[Data records Boundary: Start]
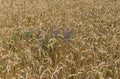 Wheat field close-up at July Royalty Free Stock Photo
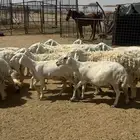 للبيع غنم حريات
[Data records Boundary: End]
[Data records Boundary: Start]
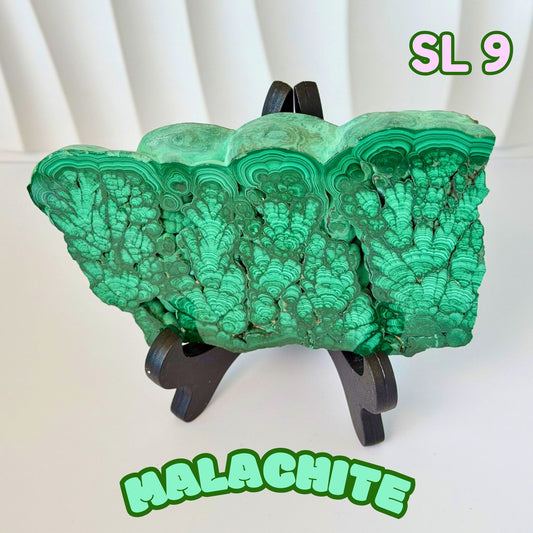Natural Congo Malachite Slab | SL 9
[Data records Boundary: End]
Problem to solve » Up in the listing, locate the line with "Wheat field close-up"; print it and every line after it down to the line with "للبيع غنم حريات", which is included too. Skip the pictures.

Task result »
 Wheat field close-up at July Royalty Free Stock Photo
 للبيع غنم حريات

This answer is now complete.